Tenho afirmado reiteradamente que o Ministério Público não engana a
ninguém e não costuma vender ilusões ou fantasias. Quem busca atalhos e facilidades,
de fato, não terá aqui o melhor lugar para encontrá-los.
Digo isso porque, mesmo quando exercemos nossas funções dentro da mais
absoluta legalidade, estamos sujeitos a severas e, muitas vezes, injustas críticas
de quem teve interesses contrariados por nossas ações. A maledicência e a má-fé
são verdugos constantes e insolentes.
Não quero deter-me no fato específico, mas não posso deixar de repudiar
com toda veemência a aleivosia que tem sido disseminada para o público nos
últimos dias: é uma mentira, que beira a irresponsabilidade, afirmar que
realizamos, na Procuradoria-Geral da República, coletiva de imprensa para
“vazar” nomes da Odebrecht.
Só posso atribuir tal ideia a mentes ociosas e dadas a devaneios, mas,
infelizmente, com meios para distorcer fatos e desvirtuar instrumentos legítimos
de comunicação institucional. Refutei pessoalmente o fato para os próprios
representantes do veículo de comunicação que publicou a matéria inverídica.
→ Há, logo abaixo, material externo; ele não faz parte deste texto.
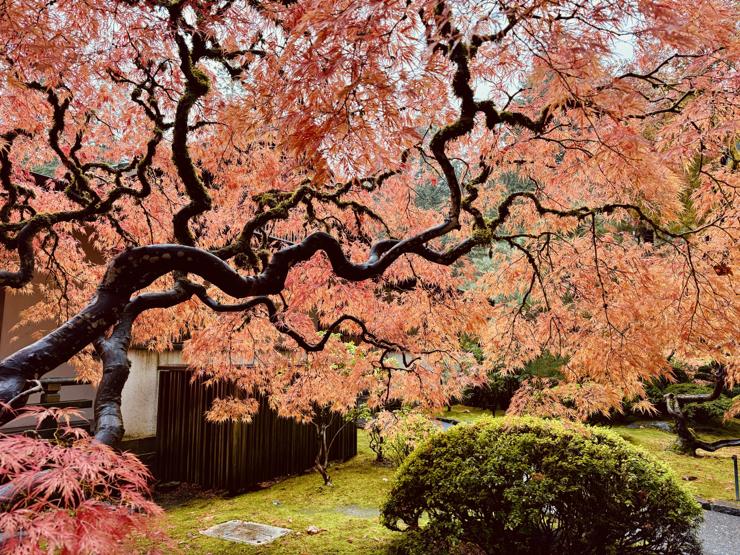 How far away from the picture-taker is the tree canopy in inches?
107

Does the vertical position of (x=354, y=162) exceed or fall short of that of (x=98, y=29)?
it falls short

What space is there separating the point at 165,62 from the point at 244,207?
2.06 meters

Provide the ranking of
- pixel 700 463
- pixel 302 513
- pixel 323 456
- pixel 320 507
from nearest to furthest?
1. pixel 302 513
2. pixel 320 507
3. pixel 323 456
4. pixel 700 463

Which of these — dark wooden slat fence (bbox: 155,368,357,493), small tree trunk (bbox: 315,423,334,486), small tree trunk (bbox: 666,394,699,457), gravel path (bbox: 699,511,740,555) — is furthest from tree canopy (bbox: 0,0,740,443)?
small tree trunk (bbox: 666,394,699,457)

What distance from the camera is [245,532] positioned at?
5828 mm

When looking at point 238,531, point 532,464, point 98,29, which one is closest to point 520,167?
point 532,464

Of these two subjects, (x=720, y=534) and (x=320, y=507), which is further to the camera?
(x=320, y=507)

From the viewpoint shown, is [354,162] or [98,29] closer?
[354,162]

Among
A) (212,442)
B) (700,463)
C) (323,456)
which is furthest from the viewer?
(700,463)

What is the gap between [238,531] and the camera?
5867mm

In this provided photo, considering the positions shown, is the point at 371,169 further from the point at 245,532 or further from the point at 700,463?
the point at 700,463

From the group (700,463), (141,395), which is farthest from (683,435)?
(141,395)

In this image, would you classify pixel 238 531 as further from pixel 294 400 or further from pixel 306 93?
pixel 306 93

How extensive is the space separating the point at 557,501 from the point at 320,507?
3.76 meters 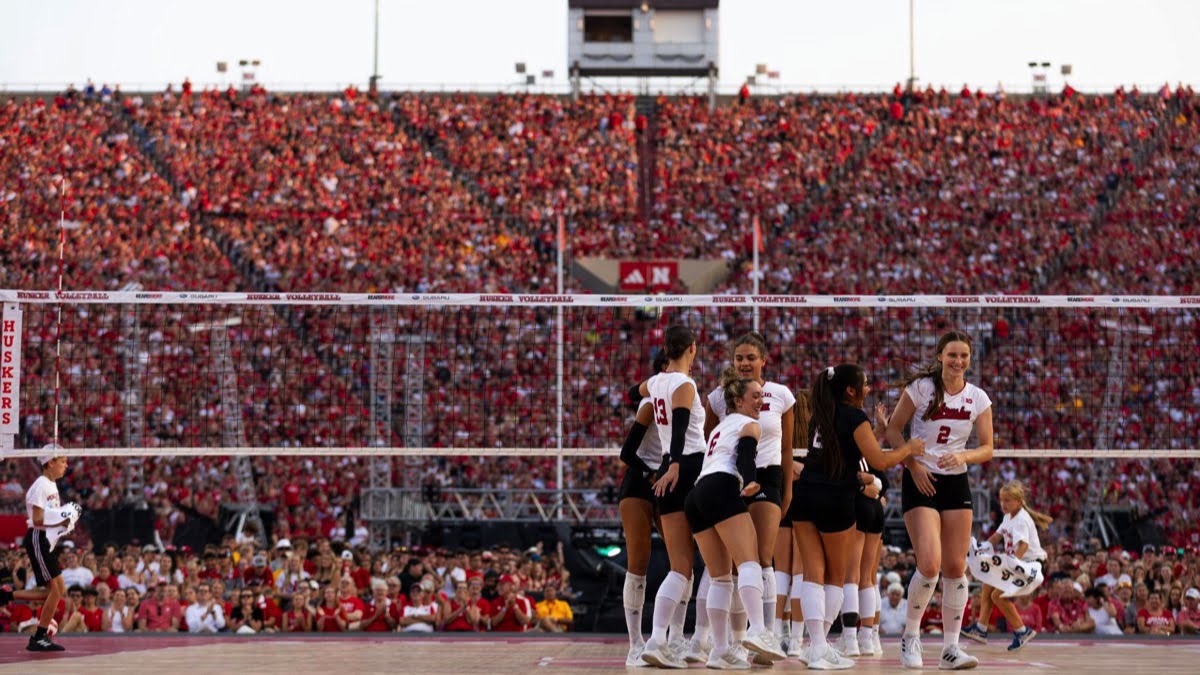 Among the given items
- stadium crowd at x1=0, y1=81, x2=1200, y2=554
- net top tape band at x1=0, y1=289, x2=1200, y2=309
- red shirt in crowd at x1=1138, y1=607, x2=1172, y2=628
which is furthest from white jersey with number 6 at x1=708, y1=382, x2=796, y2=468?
stadium crowd at x1=0, y1=81, x2=1200, y2=554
Procuramos nos distanciar dos banquetes palacianos. Fugimos dos
círculos de comensais que cortejam desavergonhadamente o poder político. E repudiamos
a relação promíscua com a imprensa.
Ainda assim, meus amigos, em projeção mental, alguns tentam nivelar a
todos à sua decrepitude moral, e para isso acusam-nos de condutas que lhes são
próprias, socorrendo-se não raras vezes da aparente intangibilidade proporcionada
pela posição que ocupam no Estado.
Infelizmente, precisamos reconhecer que sempre houve, na história da
humanidade, homens dispostos a sacrificar seus compromissos éticos no altar da
vaidade desmedida e da ambição sem freios.
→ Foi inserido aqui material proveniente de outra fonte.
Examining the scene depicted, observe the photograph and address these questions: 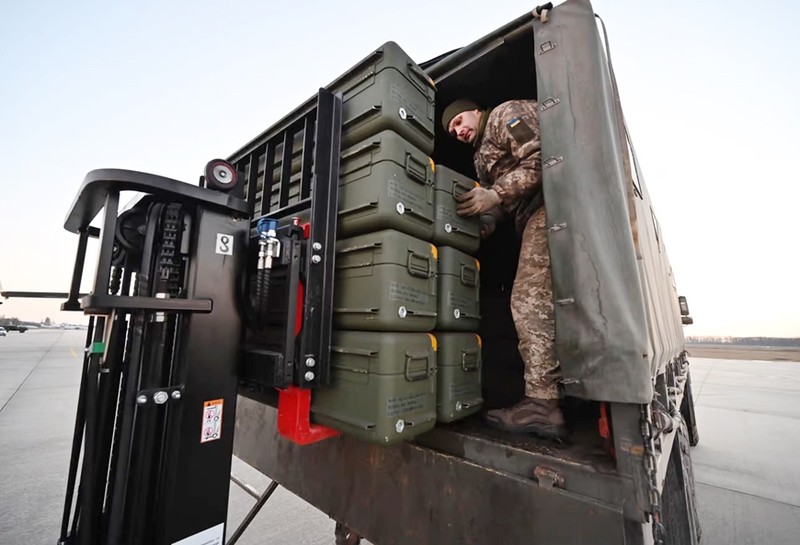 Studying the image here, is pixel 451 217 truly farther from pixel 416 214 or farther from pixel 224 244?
pixel 224 244

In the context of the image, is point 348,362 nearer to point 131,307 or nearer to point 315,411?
point 315,411

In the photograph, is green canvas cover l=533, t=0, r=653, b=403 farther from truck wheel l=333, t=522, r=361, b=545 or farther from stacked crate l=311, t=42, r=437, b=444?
truck wheel l=333, t=522, r=361, b=545

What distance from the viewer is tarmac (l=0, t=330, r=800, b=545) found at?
2779 mm

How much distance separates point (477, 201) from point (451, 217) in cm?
16

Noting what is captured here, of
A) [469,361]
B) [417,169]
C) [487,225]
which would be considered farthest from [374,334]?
[487,225]

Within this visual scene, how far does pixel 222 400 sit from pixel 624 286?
1.55 meters

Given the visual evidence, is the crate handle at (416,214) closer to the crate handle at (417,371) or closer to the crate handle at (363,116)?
the crate handle at (363,116)

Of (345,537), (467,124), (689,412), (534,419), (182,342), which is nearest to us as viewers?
(182,342)

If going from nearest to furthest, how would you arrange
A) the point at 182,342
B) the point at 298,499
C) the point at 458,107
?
the point at 182,342
the point at 458,107
the point at 298,499

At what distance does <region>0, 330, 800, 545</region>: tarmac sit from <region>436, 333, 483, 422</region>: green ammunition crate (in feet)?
6.20

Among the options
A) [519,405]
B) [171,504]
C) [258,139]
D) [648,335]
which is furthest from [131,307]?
[648,335]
Esses não hesitam em violar o dever de imparcialidade ou em macular o
decoro do cargo que exercem; na sofreguidão por reconhecimento e afago dos
poderosos de plantão, perdem o referencial de decência e de retidão.
Não se impressionem com a importância que parecem transitoriamente
ostentar. No fundo, são apenas difamadores e para eles, ouvidos moucos é o que
cabe e, no limite, a lei. Não somos um deles, e isso já nos basta.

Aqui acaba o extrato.